What to work on - Starting with the line in which "Bodeguero 2 Puertas" appears, give back every line exactly as written until the listing ends, excluding pictures.

Exercise data -
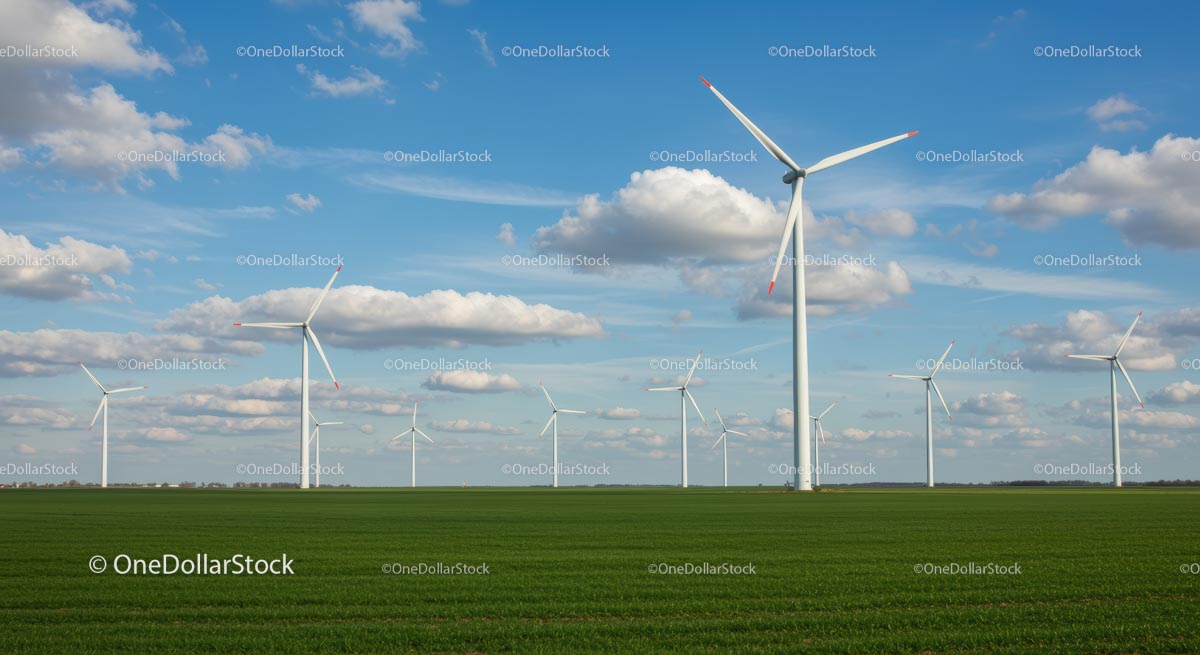 Wind Turbines on Green Field Under Blue Sky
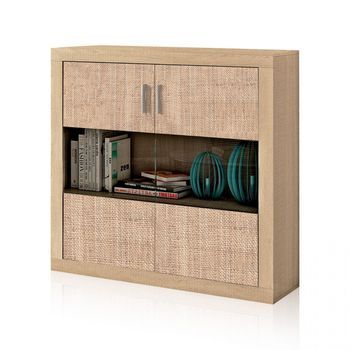Bodeguero 2 Puertas 110 Cm Nuka Tofe - Textil 110 X 110 X 34,6 Cm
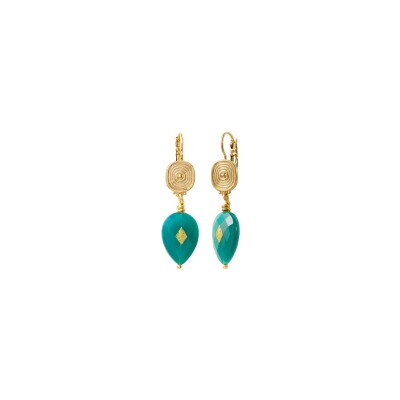 Boucles d'oreilles SATELLITE Babylone en plaqué or et agate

Reply to the task -
Bodeguero 2 Puertas 110 Cm Nuka Tofe - Textil 110 X 110 X 34,6 Cm
 Boucles d'oreilles SATELLITE Babylone en plaqué or et agate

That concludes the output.